= Karl Ichiro Akiya =

Japanese-American activist and writer (1909–2001)

Karl Ichiro Akiya was a Japanese-American writer and activist for numerous political and social causes. A labor activist in both the United States and Japan, Akiya was also an intellectual figure in the Japanese-American community.

==Biography==
Akiya was born in 1909 in San Francisco, California, to Protestant Christian Japanese immigrants. Akiya spent the early years of his life in Japan, where he was first sent to receive an education between the ages of 6 and 23 as a kibei. He graduated Kwansei Gakuin University, where he was inspired by Uchimura Junya (brother of Uchimura Kanzō), Jōtarō Kawakami (later chairman of the Japan Socialist Party), and Toyohiko Kagawa. Akiya became a proponent of both communism and democracy, becoming a labor activist and protesting against compulsory military service for university students. Politically conscious since his student years, the staunchly leftist Akiya immigrated to the United States out of opposition to Japanese militarism in the decades preceding World War II, renouncing his Japanese nationality in the 1930s.

Like Karl Yoneda, Akiya adopted the Western first name Karl to honor Karl Marx.
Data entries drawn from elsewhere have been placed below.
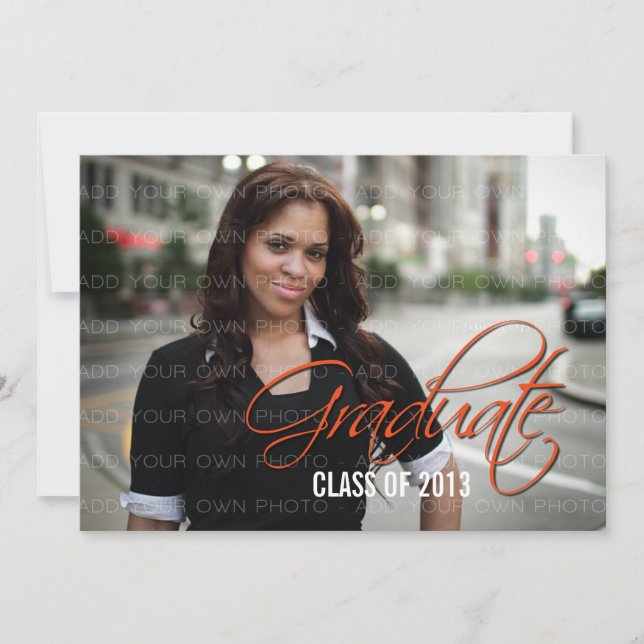 Orange Elegant Script Photo Invitation (Devant)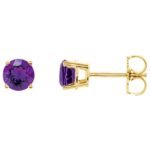 Genuine Purple Amethyst Stud Earrings 14K Yellow Gold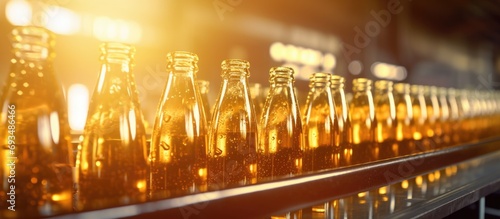 Beer being industrially produced with light filtered using glass bottles on a conveyor.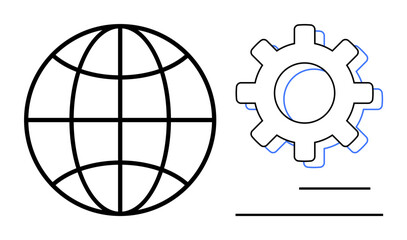 Globe and gear icon illustrate global communication, settings adjustment, technology, and problem-solving. Ideal for business, IT, globalization, digital networks, innovation teamwork simple flat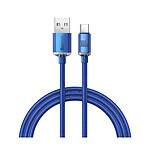 Baseus Câble USB-C vers USB-A 100W Série Crystal Shine Charge et Synchronisation 1,2m Bleu
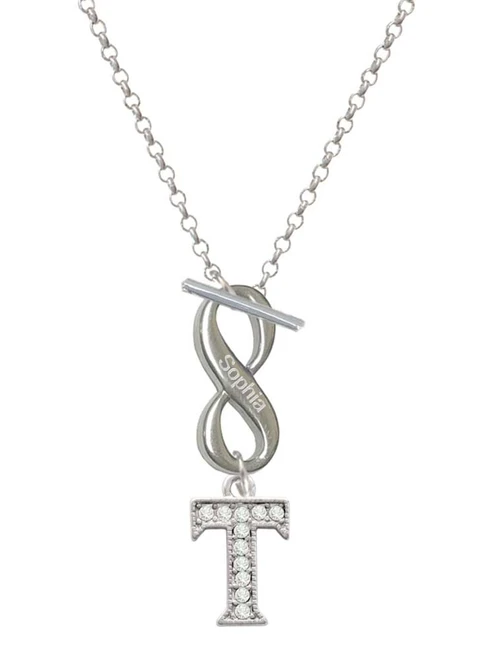 Silver Plated Crystal Initial - T - Custom Engraved Infinity Toggle Necklace: Personalized Jewelry Gift - Names, Initials, Dates, Bible Verses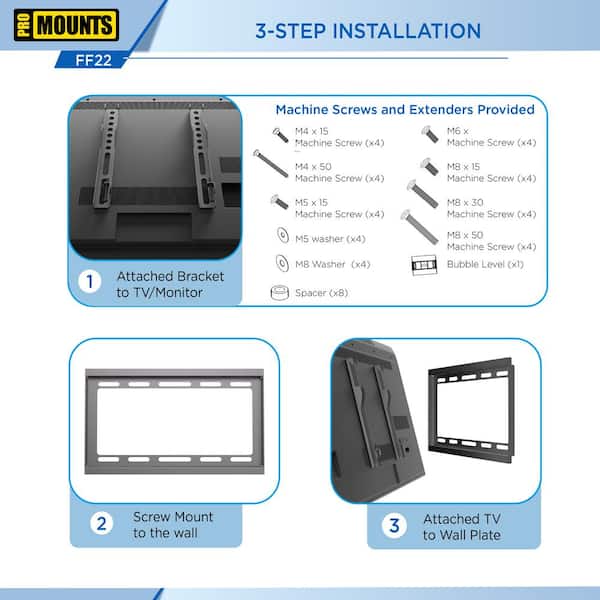 ProMounts - Universal Fixed Small Durable Ultra Slim Flat Tilt TV Wall Mount for 13-47 in. VESA 75x75 to 200x200, Locking brackets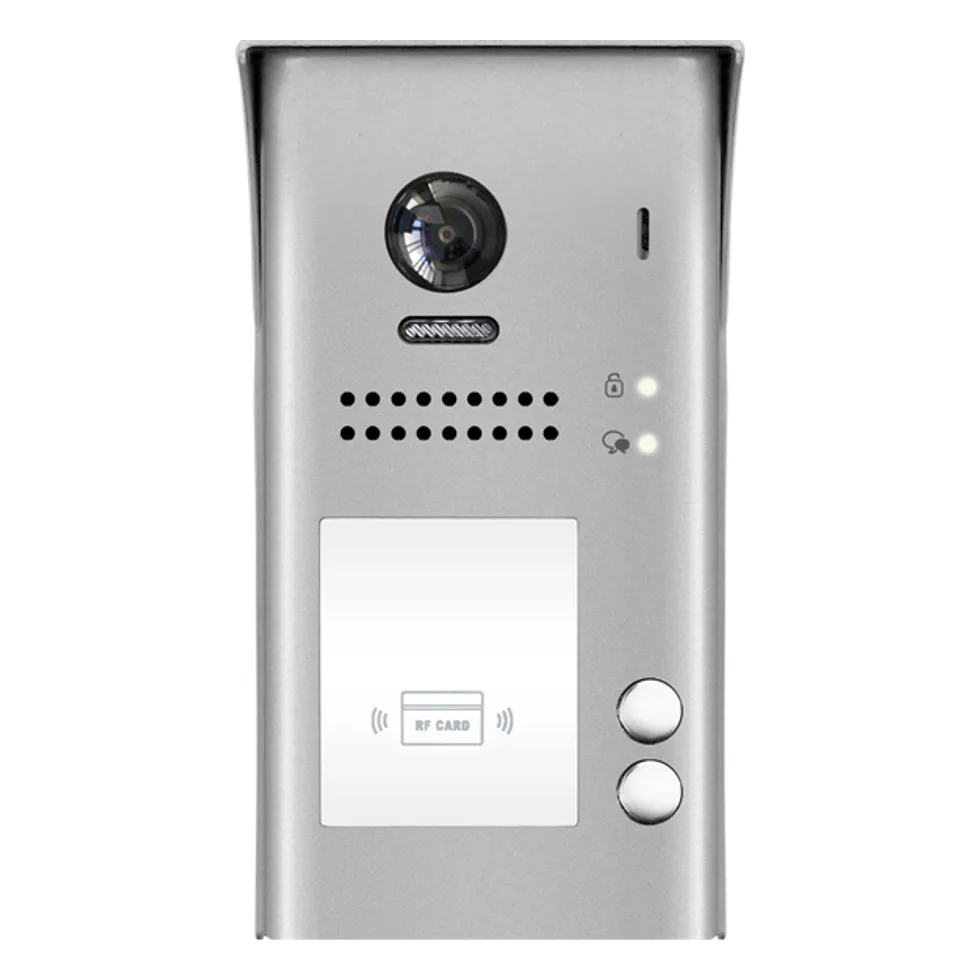 פנל חוץ אינטרקום 2 גידים VisionNet 2TL-607 - מצלמת עין דג 170°, קורא כרטיס, 2 לחצנים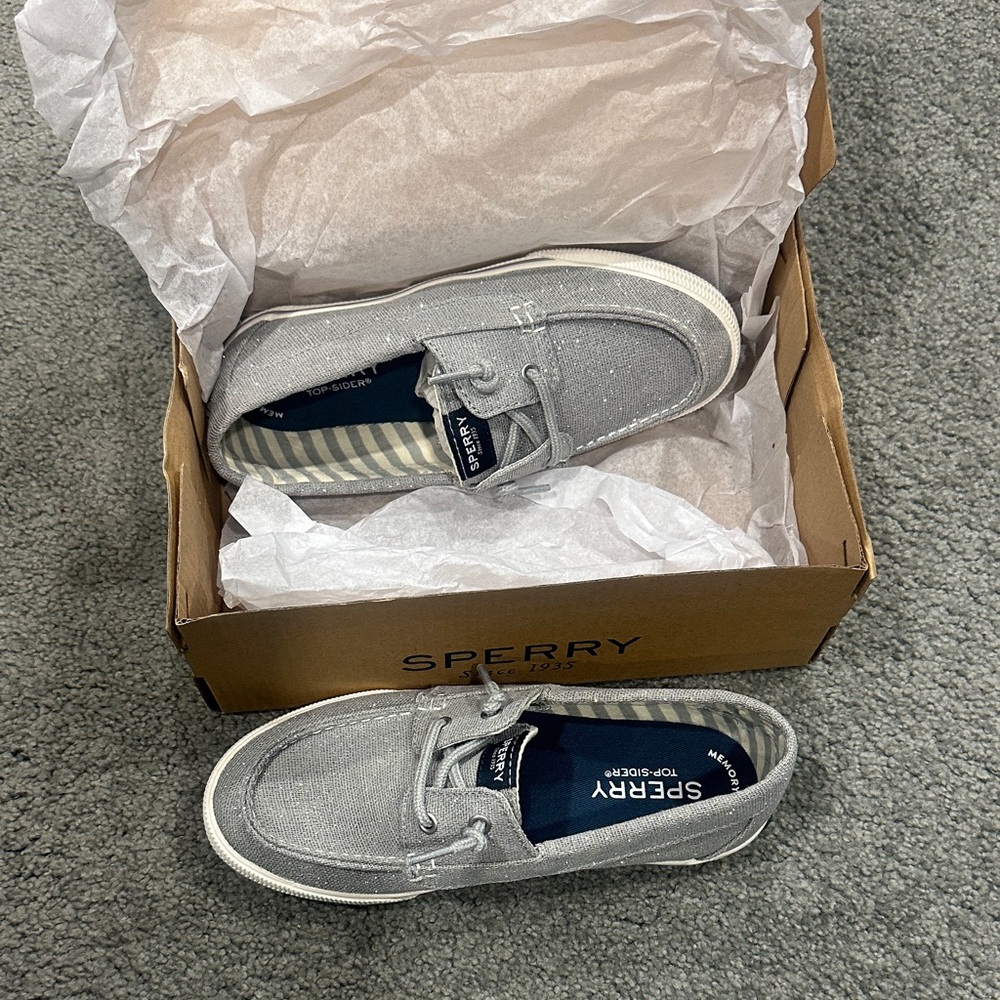 Sperry Metallic Silver Boat Shoes Kids Size 2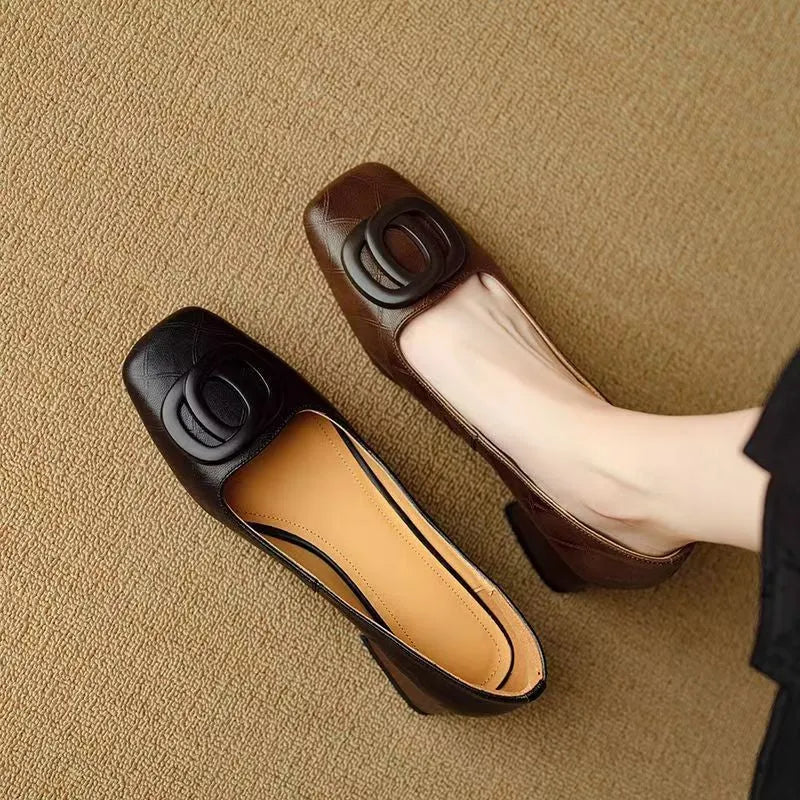 Women's microfiber flat pumps with mid chunky heel, square toe and buckle, light brown or black, sizes 35-40.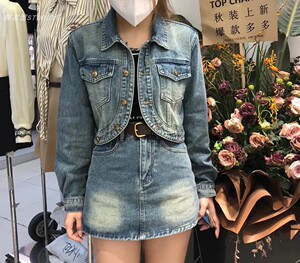 TOP复古牛仔套装女2023秋季新款小个子短款外套短裙裤时尚两件套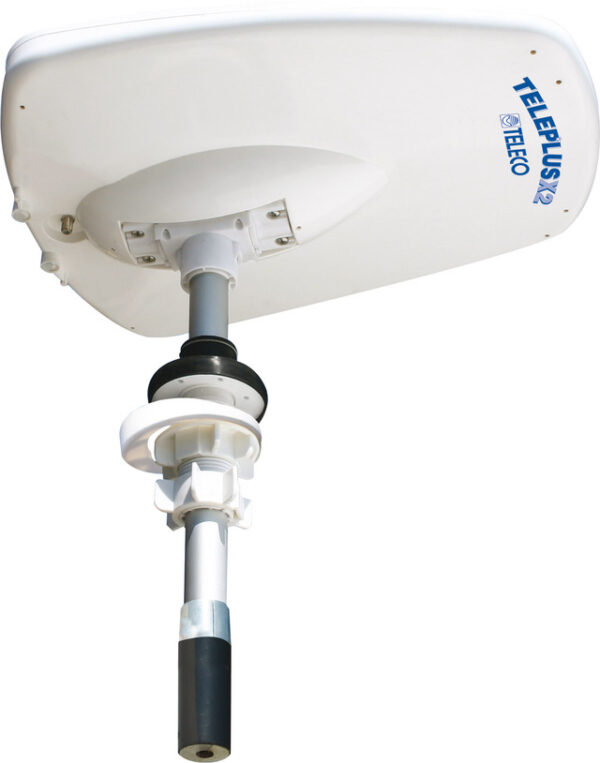 DVB-T2 Antenne Teleco Teleplus X2/165 VU, VHF UHF V/O, 2-fache Polarität AT412 G5, Mast 165 cm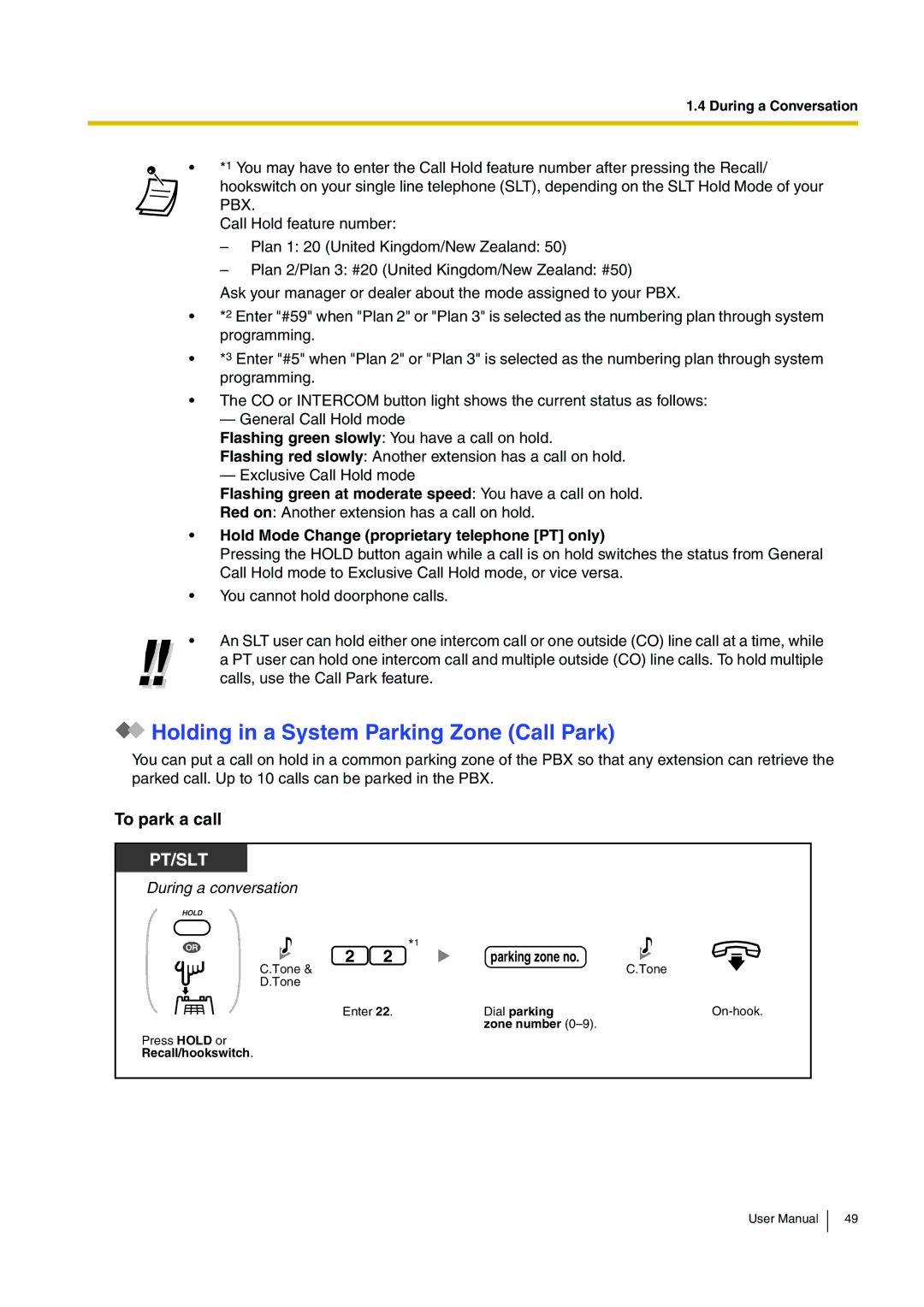 Panasonic KX-TEB308 user manual Holding in a System Parking Zone Call Park, To park a call, Parking zone no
During the early 1930s, Akiya met Dorothea Lange, Otto Hagel and Hansel Mieth at a protest against scrap metal from Japan. He grew close to Mieth, who stayed at the Akiya family-managed Ogawa Hotel in 1931. Shortly after, Akiya had to shut down the hotel amidst the Great Depression and after being unemployed for a year, he began working for the San Francisco branch of the Sumitomo Bank, who accepted him out of a hundred applicants because of his clean kanji calligraphy. Akiya is believed to have begun a romantic relationship with Mieth in 1933, after the death of Mieth's child with Hagel, which laster until 1936 or 1937. Akiya and Yoneda both took up work at Doho, a Japanese-language newspaper in San Francisco between 1941 and 1942. Both swore allegiance to the United States in opposition to Japanese fascism following the attack on Pearl Harbor. During World War II, following the signing of Executive Order 9066, he was incarcerated at Topaz War Relocation Center in Utah and later Manzanar in California. Akiya and Yoneda gained early release in exchange for providing interpreter services for military intelligence. Akiya taught Japanese to US Army soldiers at the University of Michigan. Both remained under observation by the Federal Bureau of Investigation during the Second Red Scare due to their continued communist leanings.

A member of the Japanese American Citizens League, the Communist Party USA, and the United Furniture Workers of America, Akiya wrote for a variety of both American and Japanese periodicals and contributed to the Hokubei Shimpo, a Japanese-language newspaper in the United States. His essays, fiction, and an autobiography were published in The New York Bungei, a Japanese-language magazine Akiya helped found in 1959. He remained employed at the Sumitomo Bank until 1980. In 1987, Akiya received the Martin Luther King Award of New York State.